Georgina Gilbert is one of 18 Canberrans who beat tough competition to become some of the Australian Defence Force Academy's newest recruits.
The group was welcomed as Australian Army and Air Force officer cadets at an appointment ceremony on Wednesday.
While the young trainees will follow a range of pathways, Georgina is determined to pursue her passion for military policing.
"When I got accepted into joining the army it was in front of four army officers and they were quite surprised with my reaction, because my face and body language just changed from nervous to really relieved," she said.
"I really want to become a police officer and in joining the army I can do way more really cool things internationally and within Australia."
It's one of many strides, but a significant one, in the 17-year-old's preparation for her desired field.
She will undergo first-year military training with ADFA, complete the three-year Bachelor of Information Technology through UNSW, and attend the Royal Military College at Duntroon for 12 months. She will then get ranked, attend core training, and - if accepted into military policing - spend six months training at Holsworthy in NSW before being posted anywhere in the world.
Senior military recruitment officer for the ACT, Captain Aaron Kogler, said every cadet owed their acceptance into ADFA to determined personal effort.

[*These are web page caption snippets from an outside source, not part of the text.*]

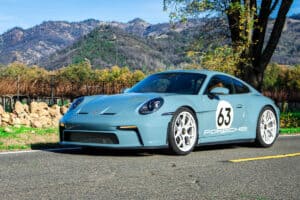 2024 Porsche 911 S/T front view parked on side of road by vineyard and rolling hills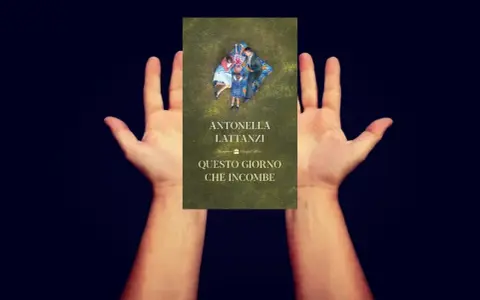 Mani aperte sorreggono la copertina del libro "Questo giorno che incombe", con una famiglia distesa sull'erba.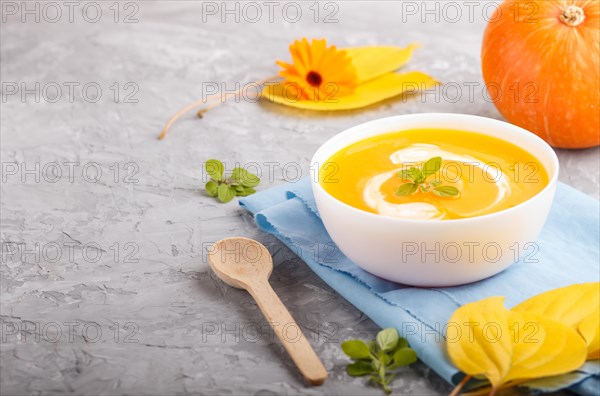 Traditional pumpkin cream soup with in white bowl on a gray concrete background with blue napkin. side view, close up, selective focus, copy space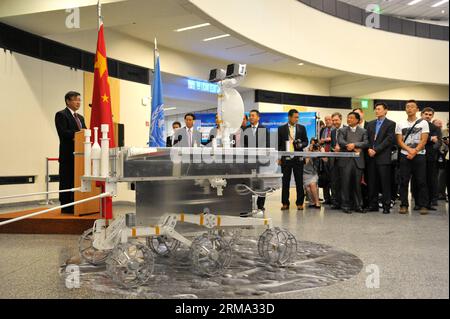 (140613) -- VIENNA, June 13, 2014 (Xinhua) -- Tian Yulong, secretary-general of the China National Space Administration (CNSA), delivers a speech during the donationg ceremony of the replica of lunar rover Yutu, the Jade Rabbit, at Vienna International Center, in Vienna, Austria, June 13, 2014. CNSA donated a replica of which the exact same size as the real lunar rover Yutu to the United Nations aerospace bureau here on Friday.Lunar probe Chang e-3 with rover Yutu on board, landed on the moon s Sinus Iridum in 2013, making China the third country to put a rover on the moon after the United Sta Stock Photo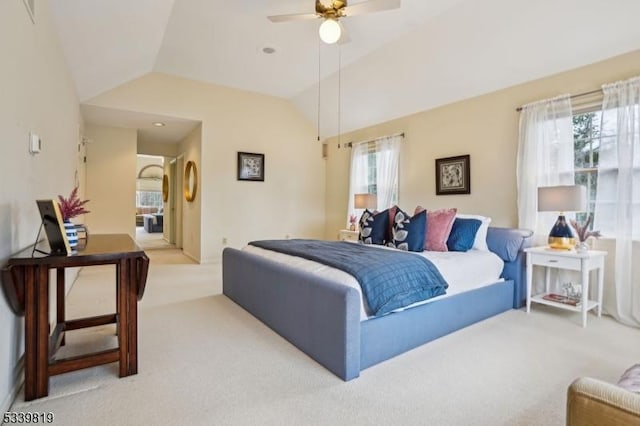 bedroom featuring ceiling fan, vaulted ceiling, and light colored carpet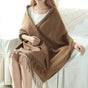 Oversized fringed wrap scarf shown draped around the shoulders and neck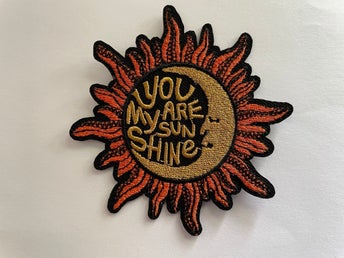 YOU ARE MY SUNSHINE TYGMÄRKE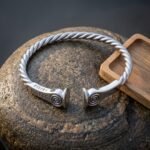 Hand made viking arm ring with a twisted silver finish band, raised spiral terminals and Elder Futhark runes stamped near the ends, resting on weathered grey stone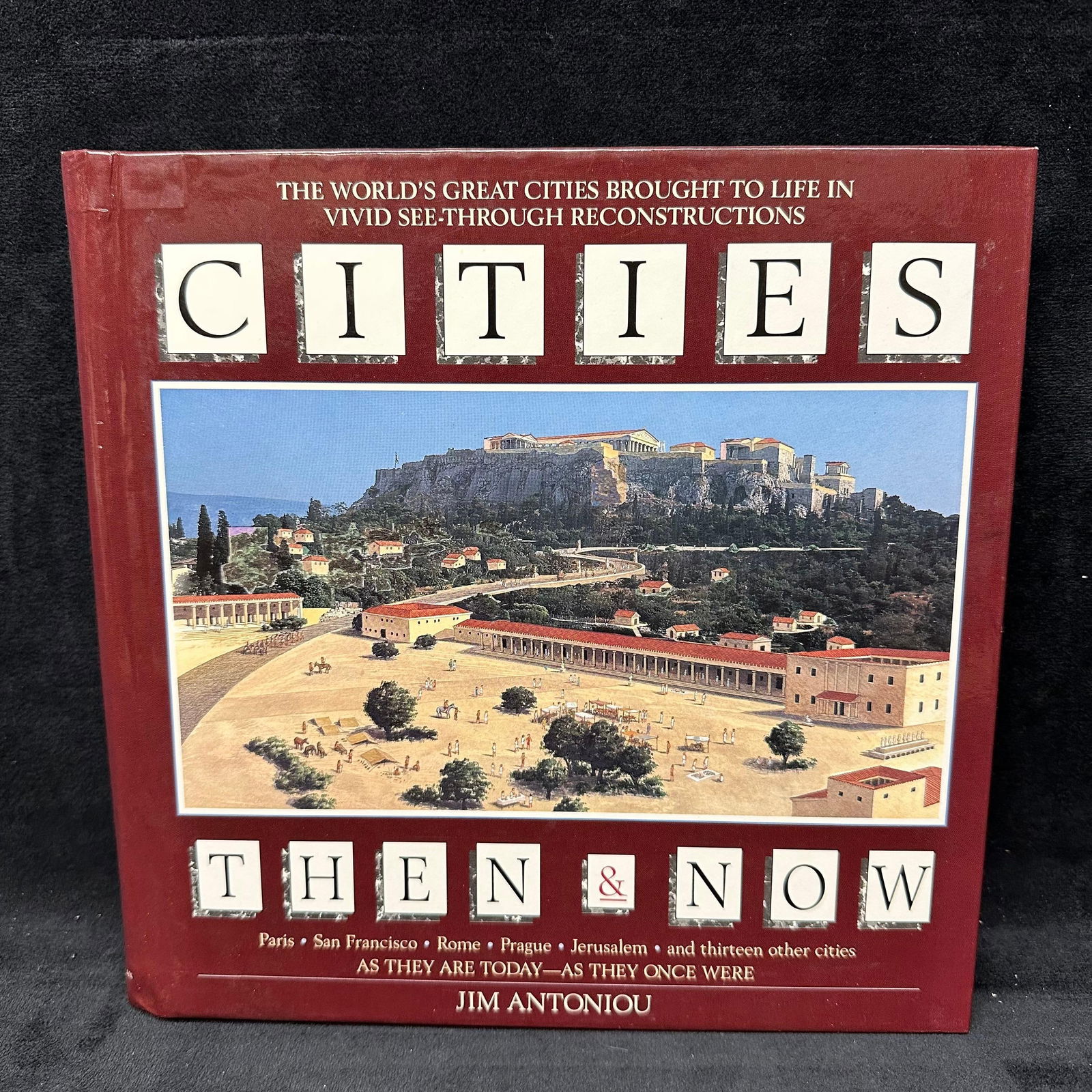 Cities Then and Now by Jim Antoniou Hardcover Book: Hardcover copy of Cities Then & Now by Jim Antoniou, published by Macmillan. This illustrated reference explores the historical development of major world cities through layered then and now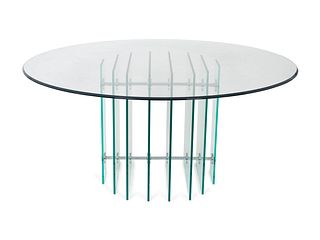 A Modernist Glass and Aluminum Circular Dining Table
Height 33 x diameter 60 inches.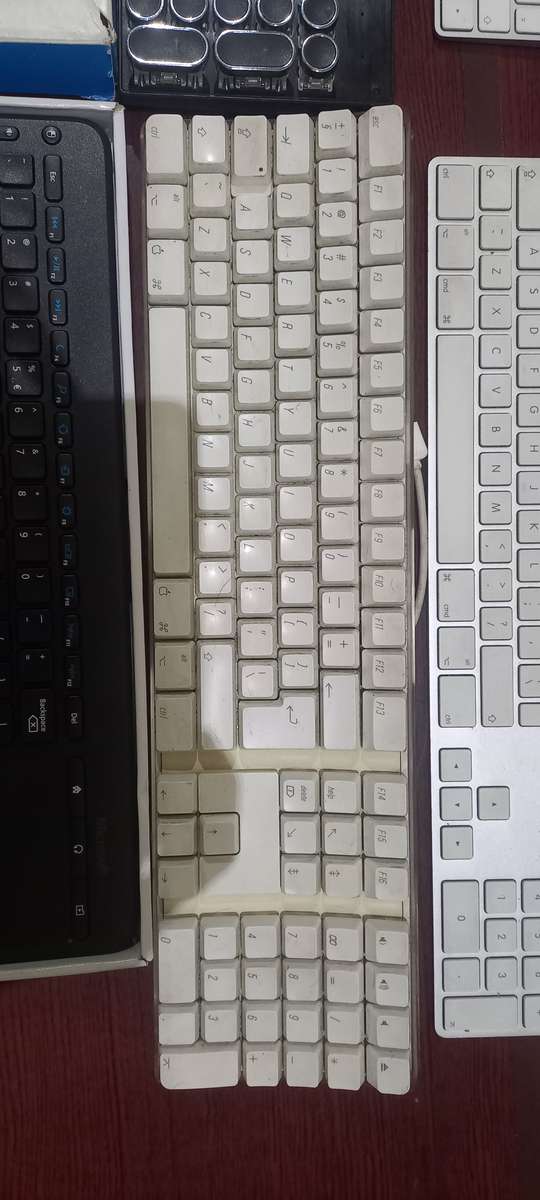 3x Apple Keyboards, 1x Mechanical Keyboard and Microsoft Keyboard with touchpad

He said it took a certain type of person to get there.
"Definitely motivated and have the will to win," he said.
"You need to be relatively fit and mentally robust as well."
The training the newest arrivals will undertake ranges from how to do their hair and make their beds, to operating weapons and complex equipment.
"One of the most challenging aspects they'll go through over the next four months would be leadership," Captain Kogler said.
The Canberra ceremony was one of 11 that occurred nationwide with more than 200 young Australians welcomed into the ADF.